• WHAT IS EXPECTED:
The data below holds the lines to copy: everything from the line containing "Luxury Retreat Montevettolini view 5" to the line containing "ヒルトン ガーデン イン アトランタ ノースポイント アルファレッタのホテル", both ends included, set down exactly.

• SUPPLIED MATERIAL:

::::

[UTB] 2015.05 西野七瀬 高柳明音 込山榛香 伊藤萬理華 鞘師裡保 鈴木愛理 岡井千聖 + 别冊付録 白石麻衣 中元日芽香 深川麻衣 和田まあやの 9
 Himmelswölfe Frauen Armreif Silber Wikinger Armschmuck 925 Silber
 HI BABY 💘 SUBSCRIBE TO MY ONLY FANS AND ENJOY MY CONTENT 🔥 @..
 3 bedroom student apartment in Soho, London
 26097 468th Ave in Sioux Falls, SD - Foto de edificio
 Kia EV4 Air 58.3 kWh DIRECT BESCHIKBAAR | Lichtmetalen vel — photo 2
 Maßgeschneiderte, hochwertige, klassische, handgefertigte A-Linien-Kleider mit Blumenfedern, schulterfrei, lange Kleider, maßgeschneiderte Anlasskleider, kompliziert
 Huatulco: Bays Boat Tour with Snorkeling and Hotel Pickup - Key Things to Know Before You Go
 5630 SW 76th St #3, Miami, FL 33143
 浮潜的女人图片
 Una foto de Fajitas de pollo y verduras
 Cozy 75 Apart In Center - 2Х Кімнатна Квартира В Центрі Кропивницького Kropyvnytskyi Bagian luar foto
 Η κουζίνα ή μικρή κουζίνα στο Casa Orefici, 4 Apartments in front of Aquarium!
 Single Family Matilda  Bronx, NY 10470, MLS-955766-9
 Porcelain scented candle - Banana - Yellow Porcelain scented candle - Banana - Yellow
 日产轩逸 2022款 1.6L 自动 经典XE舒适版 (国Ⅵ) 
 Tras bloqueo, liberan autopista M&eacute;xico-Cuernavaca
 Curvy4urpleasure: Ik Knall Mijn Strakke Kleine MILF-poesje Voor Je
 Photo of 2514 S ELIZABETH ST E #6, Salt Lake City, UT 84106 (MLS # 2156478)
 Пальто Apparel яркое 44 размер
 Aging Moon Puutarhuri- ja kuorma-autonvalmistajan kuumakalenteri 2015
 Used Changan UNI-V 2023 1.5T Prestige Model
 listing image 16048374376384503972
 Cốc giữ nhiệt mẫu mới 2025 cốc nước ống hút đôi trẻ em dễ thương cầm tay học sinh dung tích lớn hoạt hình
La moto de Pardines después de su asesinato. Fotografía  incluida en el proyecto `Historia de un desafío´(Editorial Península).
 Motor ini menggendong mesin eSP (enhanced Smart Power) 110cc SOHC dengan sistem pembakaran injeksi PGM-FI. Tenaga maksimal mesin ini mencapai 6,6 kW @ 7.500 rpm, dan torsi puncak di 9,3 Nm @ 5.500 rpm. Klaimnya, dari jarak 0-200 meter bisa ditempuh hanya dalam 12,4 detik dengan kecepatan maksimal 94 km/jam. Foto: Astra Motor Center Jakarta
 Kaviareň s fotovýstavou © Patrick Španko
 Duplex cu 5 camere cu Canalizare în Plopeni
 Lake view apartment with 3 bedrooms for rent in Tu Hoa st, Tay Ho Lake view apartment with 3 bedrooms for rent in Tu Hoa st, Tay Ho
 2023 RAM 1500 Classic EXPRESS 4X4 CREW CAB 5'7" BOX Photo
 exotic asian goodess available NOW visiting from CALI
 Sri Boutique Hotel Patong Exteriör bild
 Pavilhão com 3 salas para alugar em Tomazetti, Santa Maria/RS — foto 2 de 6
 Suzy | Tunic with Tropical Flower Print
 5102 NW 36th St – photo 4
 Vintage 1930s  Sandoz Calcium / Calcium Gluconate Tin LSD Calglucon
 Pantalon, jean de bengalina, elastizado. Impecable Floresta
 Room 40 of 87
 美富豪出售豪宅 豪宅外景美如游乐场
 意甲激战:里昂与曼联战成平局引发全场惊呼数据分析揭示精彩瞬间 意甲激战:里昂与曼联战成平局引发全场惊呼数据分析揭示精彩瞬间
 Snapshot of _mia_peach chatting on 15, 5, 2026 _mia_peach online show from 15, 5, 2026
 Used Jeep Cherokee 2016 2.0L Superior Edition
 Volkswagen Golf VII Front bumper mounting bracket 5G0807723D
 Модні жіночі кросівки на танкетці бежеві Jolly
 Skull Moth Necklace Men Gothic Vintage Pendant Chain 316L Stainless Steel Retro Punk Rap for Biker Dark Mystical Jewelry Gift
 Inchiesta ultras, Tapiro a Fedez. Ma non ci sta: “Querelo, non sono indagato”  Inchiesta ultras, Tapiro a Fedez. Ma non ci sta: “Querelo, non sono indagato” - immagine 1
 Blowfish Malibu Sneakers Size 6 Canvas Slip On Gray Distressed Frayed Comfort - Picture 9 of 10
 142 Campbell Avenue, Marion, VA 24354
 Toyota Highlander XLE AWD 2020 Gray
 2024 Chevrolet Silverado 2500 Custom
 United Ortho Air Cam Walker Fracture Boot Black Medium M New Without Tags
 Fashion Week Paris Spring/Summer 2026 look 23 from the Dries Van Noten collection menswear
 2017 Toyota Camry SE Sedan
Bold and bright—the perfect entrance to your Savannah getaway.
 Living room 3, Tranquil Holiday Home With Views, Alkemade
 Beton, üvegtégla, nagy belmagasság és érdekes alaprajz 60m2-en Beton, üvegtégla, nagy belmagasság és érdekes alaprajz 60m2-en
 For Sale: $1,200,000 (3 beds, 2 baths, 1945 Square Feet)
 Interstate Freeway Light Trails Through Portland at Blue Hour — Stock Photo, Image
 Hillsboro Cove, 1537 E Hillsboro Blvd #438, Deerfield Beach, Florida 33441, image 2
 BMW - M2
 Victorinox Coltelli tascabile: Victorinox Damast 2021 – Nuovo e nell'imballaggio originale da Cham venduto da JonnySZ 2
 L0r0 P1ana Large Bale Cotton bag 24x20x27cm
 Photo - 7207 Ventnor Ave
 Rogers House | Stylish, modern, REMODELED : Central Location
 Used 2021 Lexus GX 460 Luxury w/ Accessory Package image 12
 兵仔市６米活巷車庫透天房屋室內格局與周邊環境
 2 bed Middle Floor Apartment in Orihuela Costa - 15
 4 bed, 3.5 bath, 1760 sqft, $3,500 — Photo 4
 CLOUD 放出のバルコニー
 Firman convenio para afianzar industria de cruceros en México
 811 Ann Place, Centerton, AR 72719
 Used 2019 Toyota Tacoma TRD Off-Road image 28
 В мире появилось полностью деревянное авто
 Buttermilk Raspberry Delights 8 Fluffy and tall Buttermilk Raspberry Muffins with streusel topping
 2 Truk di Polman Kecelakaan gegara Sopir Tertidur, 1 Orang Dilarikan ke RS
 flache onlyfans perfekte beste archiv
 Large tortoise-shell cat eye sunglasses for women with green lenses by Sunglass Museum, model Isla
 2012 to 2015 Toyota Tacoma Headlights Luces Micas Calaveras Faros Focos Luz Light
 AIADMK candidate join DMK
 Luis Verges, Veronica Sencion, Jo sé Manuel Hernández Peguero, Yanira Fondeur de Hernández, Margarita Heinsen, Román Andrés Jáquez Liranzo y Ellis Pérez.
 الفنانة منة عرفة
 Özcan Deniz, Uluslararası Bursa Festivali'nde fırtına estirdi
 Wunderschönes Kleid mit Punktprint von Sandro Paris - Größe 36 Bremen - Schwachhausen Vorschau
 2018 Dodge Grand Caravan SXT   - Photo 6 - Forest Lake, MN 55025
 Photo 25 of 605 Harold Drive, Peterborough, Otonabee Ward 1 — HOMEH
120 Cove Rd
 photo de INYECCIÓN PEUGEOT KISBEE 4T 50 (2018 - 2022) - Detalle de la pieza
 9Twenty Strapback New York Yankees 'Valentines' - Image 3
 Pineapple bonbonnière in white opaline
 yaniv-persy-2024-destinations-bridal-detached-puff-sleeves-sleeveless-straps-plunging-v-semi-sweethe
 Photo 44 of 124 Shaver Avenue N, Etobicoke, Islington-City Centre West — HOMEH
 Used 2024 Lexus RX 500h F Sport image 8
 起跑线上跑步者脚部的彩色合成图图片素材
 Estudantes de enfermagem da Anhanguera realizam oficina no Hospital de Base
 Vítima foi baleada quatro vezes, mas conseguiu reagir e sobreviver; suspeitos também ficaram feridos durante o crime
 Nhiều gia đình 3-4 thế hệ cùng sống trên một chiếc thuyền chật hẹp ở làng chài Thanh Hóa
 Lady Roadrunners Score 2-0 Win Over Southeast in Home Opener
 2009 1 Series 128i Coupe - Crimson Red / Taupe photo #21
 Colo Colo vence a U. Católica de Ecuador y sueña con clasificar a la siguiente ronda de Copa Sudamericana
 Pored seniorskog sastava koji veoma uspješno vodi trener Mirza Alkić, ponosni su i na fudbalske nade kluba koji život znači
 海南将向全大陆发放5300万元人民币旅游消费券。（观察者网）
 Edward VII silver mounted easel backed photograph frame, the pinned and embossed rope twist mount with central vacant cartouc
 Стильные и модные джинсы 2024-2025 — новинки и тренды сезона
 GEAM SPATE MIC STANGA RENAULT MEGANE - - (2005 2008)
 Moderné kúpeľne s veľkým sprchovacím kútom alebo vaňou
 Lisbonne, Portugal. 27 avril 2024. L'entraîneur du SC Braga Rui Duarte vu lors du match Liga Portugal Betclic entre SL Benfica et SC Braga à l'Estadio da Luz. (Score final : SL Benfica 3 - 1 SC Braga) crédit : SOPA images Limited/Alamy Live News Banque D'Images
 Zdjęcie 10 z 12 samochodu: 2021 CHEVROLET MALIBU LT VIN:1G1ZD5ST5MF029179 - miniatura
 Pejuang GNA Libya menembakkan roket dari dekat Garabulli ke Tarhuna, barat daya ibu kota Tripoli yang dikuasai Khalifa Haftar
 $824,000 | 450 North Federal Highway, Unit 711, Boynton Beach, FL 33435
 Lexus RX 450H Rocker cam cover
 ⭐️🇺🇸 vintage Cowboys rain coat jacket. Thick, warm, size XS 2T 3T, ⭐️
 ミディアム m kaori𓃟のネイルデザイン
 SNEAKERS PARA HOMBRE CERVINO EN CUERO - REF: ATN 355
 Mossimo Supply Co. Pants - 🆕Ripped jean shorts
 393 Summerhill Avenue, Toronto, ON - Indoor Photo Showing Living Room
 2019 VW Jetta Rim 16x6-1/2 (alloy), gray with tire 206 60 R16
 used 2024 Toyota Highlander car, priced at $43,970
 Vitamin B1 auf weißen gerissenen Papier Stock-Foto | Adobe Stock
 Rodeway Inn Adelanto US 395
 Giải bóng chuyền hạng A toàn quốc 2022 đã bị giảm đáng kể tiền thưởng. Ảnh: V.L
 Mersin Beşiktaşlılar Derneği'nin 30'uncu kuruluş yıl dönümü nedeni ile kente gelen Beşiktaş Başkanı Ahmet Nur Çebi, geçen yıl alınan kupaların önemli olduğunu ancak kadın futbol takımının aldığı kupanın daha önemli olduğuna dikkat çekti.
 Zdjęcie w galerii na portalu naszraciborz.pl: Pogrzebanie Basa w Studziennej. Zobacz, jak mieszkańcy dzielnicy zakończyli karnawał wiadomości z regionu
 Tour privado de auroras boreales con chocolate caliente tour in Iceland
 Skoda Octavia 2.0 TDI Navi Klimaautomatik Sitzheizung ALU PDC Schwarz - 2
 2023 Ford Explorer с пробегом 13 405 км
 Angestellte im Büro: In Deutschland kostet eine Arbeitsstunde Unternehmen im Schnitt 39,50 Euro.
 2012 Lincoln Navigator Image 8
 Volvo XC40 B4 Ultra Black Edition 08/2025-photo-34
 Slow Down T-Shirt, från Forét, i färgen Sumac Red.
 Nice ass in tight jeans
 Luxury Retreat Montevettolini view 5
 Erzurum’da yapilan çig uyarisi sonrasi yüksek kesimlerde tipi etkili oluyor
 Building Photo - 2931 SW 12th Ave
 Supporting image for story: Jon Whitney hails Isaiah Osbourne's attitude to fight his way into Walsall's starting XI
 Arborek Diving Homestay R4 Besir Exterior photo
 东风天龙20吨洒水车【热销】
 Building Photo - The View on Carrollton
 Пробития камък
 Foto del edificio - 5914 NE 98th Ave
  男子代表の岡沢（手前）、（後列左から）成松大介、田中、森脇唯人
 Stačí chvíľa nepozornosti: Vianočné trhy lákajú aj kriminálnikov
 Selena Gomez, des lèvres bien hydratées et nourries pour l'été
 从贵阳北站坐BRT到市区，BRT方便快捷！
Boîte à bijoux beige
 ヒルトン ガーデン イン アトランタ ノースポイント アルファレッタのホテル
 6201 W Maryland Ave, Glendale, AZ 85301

::::

• ANSWER SECTION:
 Luxury Retreat Montevettolini view 5
 Erzurum’da yapilan çig uyarisi sonrasi yüksek kesimlerde tipi etkili oluyor
 Building Photo - 2931 SW 12th Ave
 Supporting image for story: Jon Whitney hails Isaiah Osbourne's attitude to fight his way into Walsall's starting XI
 Arborek Diving Homestay R4 Besir Exterior photo
 东风天龙20吨洒水车【热销】
 Building Photo - The View on Carrollton
 Пробития камък
 Foto del edificio - 5914 NE 98th Ave
  男子代表の岡沢（手前）、（後列左から）成松大介、田中、森脇唯人
 Stačí chvíľa nepozornosti: Vianočné trhy lákajú aj kriminálnikov
 Selena Gomez, des lèvres bien hydratées et nourries pour l'été
 从贵阳北站坐BRT到市区，BRT方便快捷！
Boîte à bijoux beige
 ヒルトン ガーデン イン アトランタ ノースポイント アルファレッタのホテル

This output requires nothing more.